-------- Material supplied

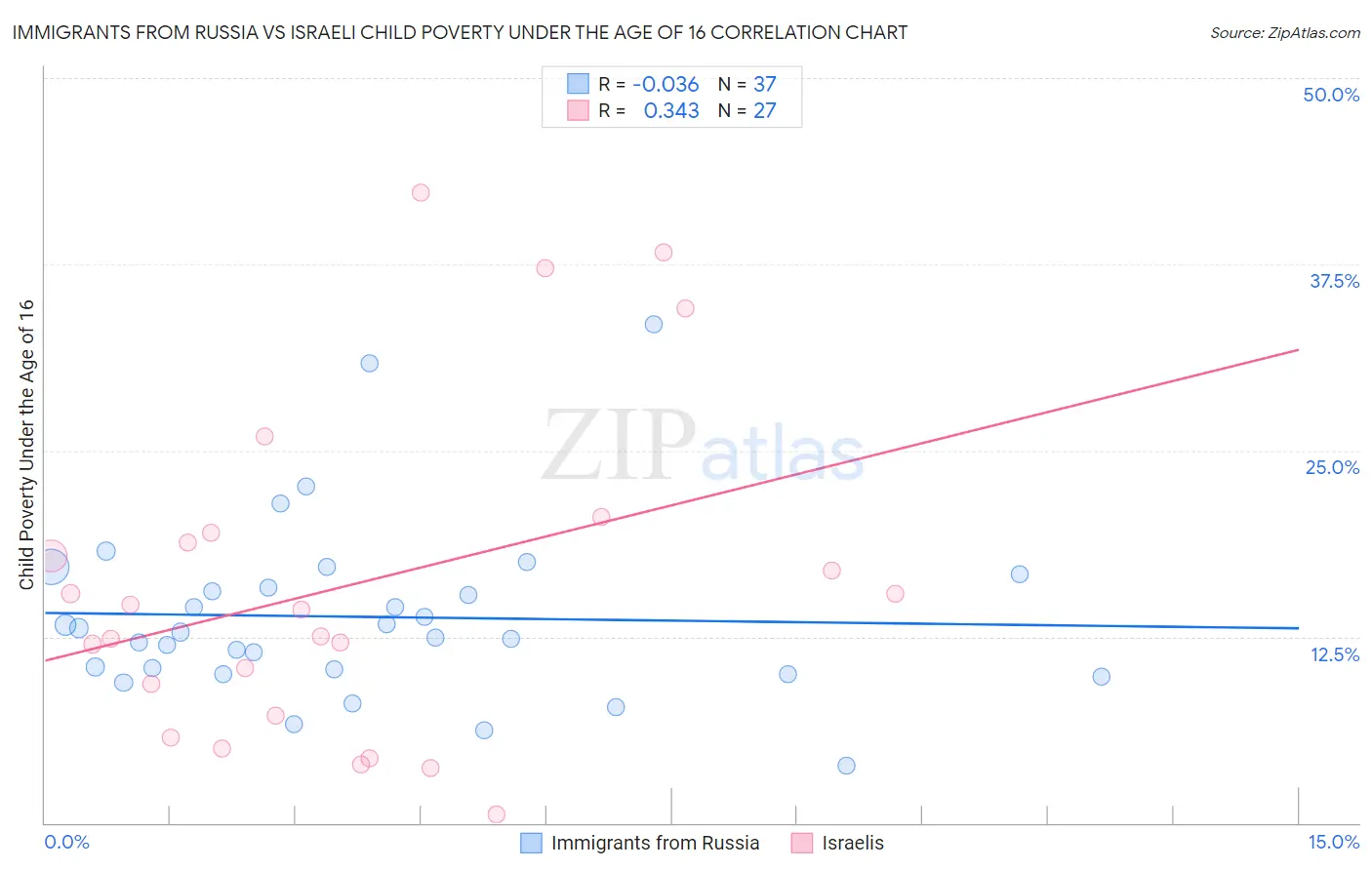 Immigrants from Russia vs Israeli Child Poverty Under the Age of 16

----------------
-------- Material supplied

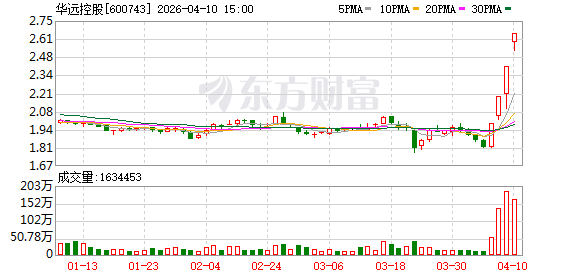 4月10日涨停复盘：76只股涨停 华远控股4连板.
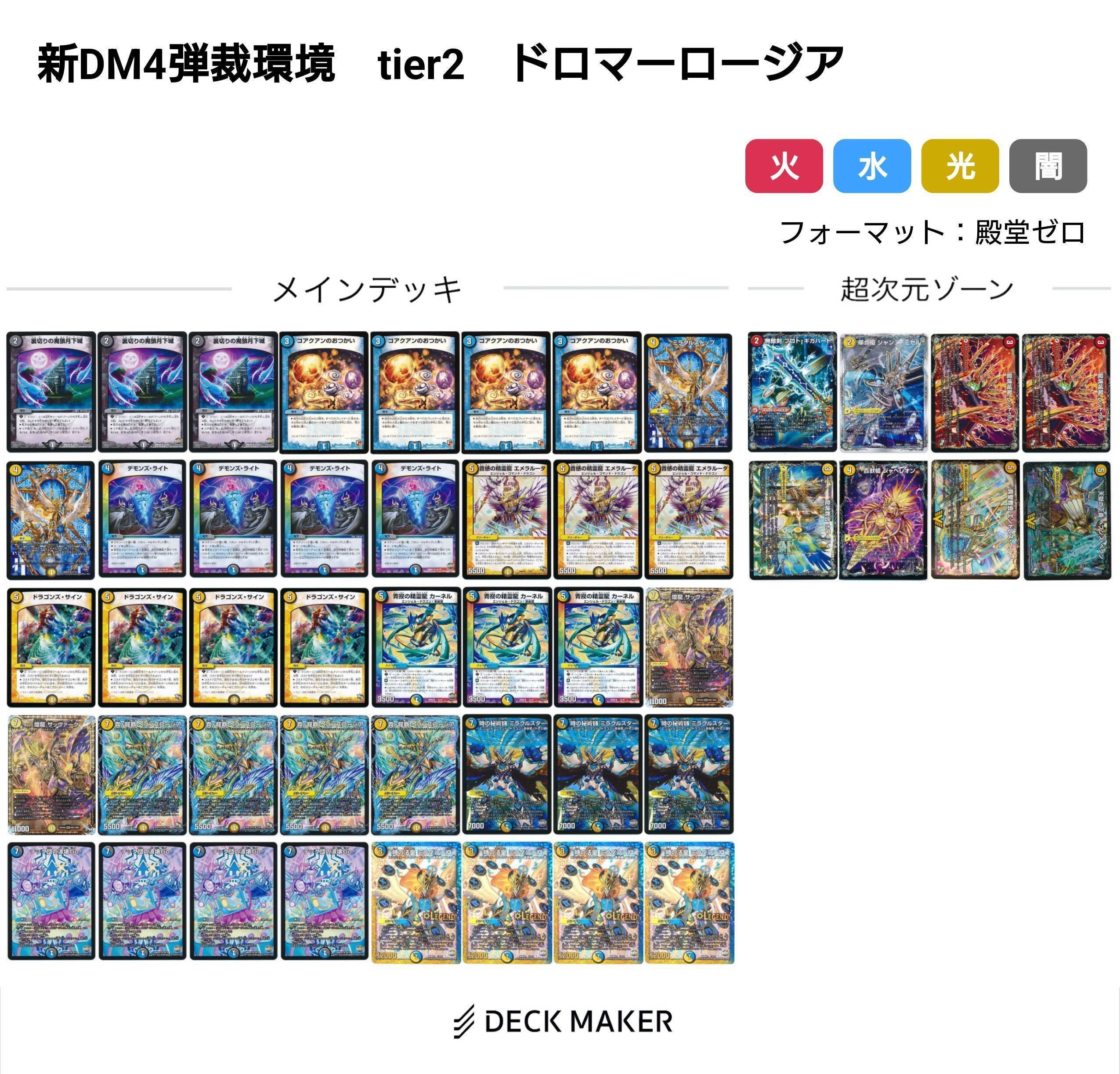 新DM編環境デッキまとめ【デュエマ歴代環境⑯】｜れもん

----------------

Using the data above, give again exactly the lines starting at the one holding "4月10日涨停复盘：76只股涨停 华远控股4连板." and ending at the one holding "新DM編環境デッキまとめ【デュエマ歴代環境⑯】｜れもん", inclusive, and nothing more. Omit the pictures.

 4月10日涨停复盘：76只股涨停 华远控股4连板.
 新DM編環境デッキまとめ【デュエマ歴代環境⑯】｜れもん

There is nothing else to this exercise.